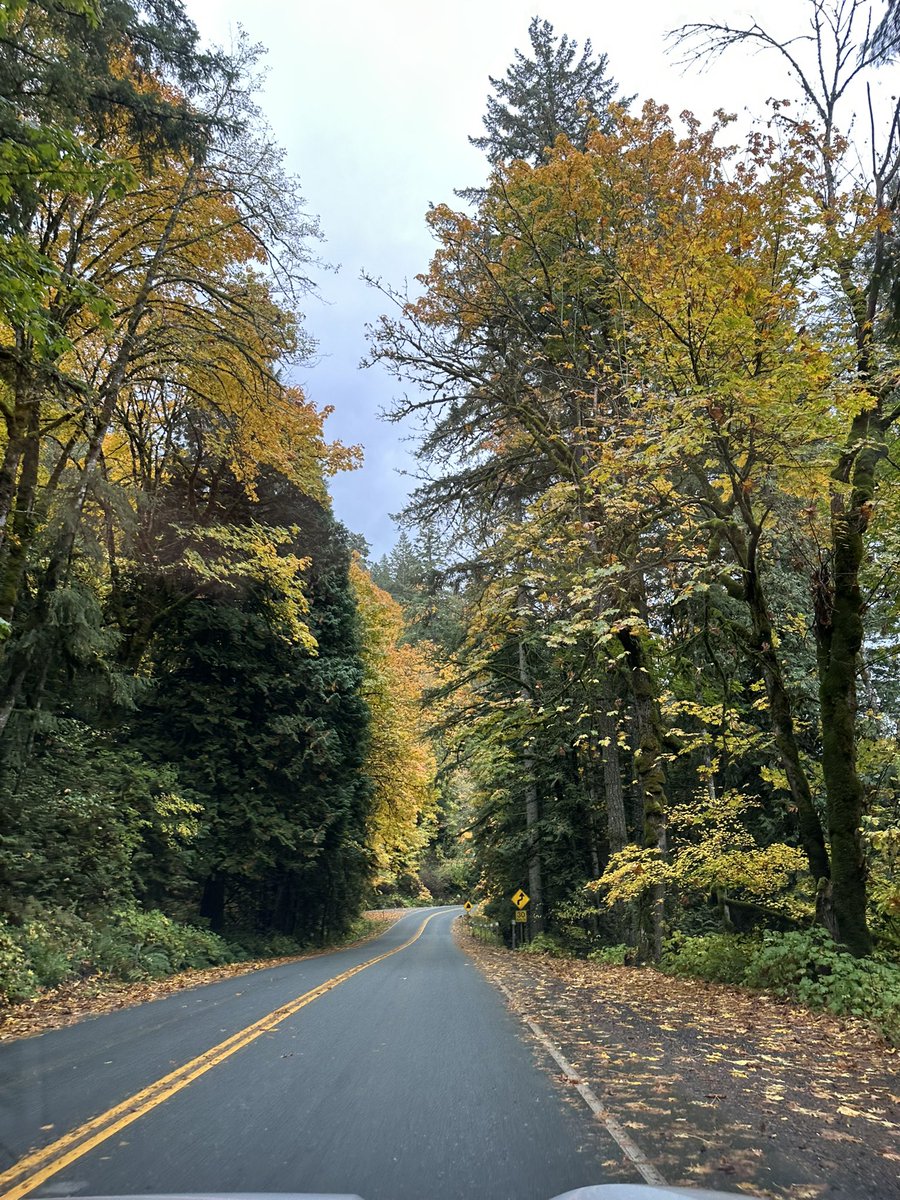 CharleneGroome's tweet image. Good morning #5amwritersclub 
After two big rejections yesterday, I’m putting it behind me. Today is a new day. I’m pitching my stories and editing a story I’m proud of. #positivemindset #writingjourney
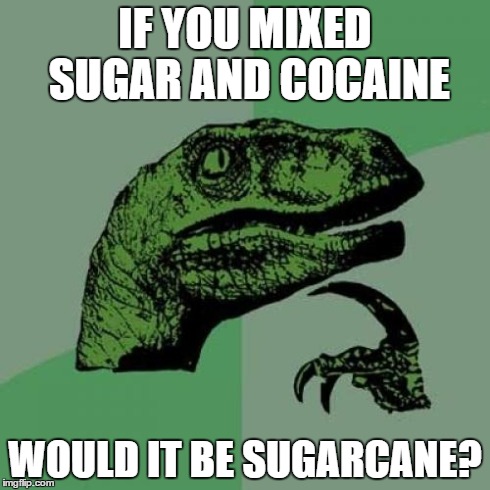 Philosoraptor | IF YOU MIXED SUGAR AND COCAINE WOULD IT BE SUGARCANE? | image tagged in memes,philosoraptor | made w/ Imgflip meme maker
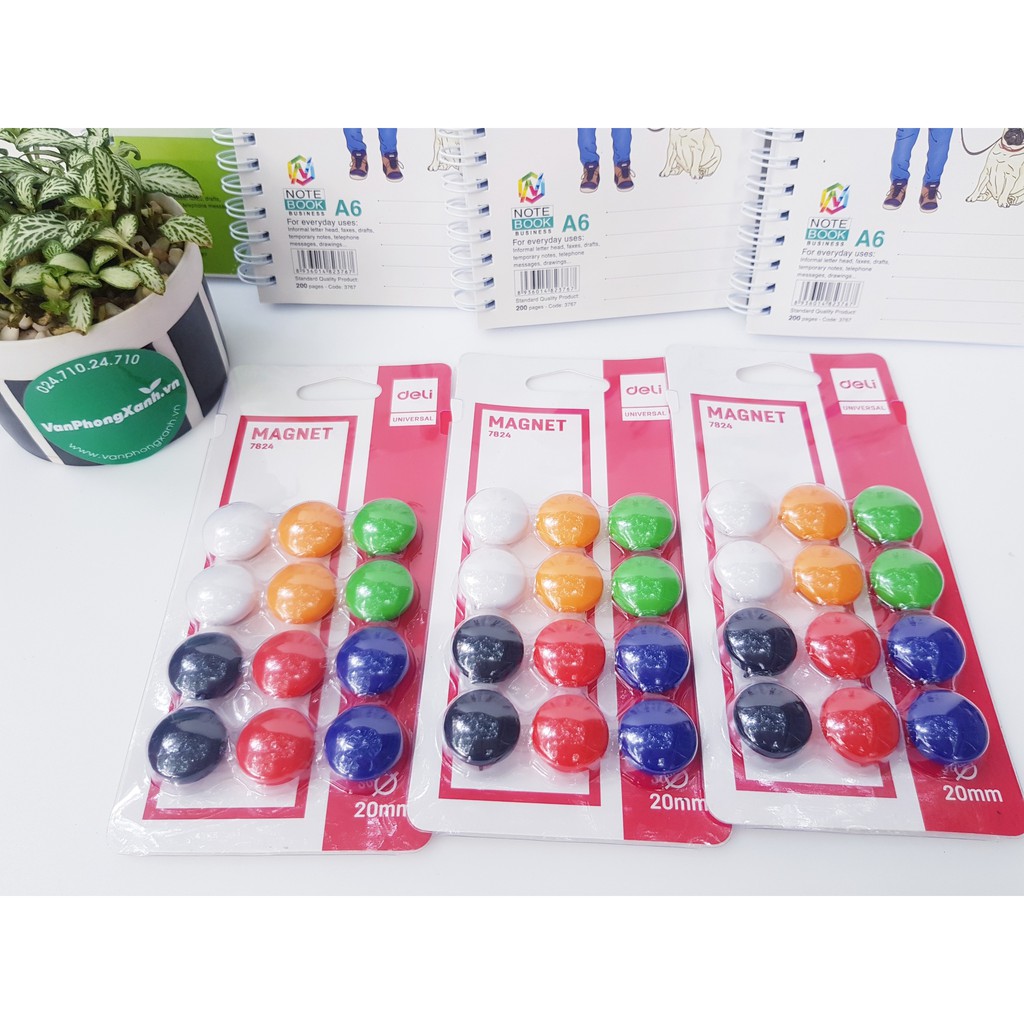 Nam Châm Vỉ Gắn Bảng 7824 (Vỉ 12 Cái - 6 Màu)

**Instructions for the task**
An exact reproduction of the data is required, with pictures excluded.

**Expected output**
 CharleneGroome's tweet image. Good morning #5amwritersclub 
After two big rejections yesterday, I’m putting it behind me. Today is a new day. I’m pitching my stories and editing a story I’m proud of. #positivemindset #writingjourney
 Philosoraptor | IF YOU MIXED SUGAR AND COCAINE WOULD IT BE SUGARCANE? | image tagged in memes,philosoraptor | made w/ Imgflip meme maker
 Nam Châm Vỉ Gắn Bảng 7824 (Vỉ 12 Cái - 6 Màu)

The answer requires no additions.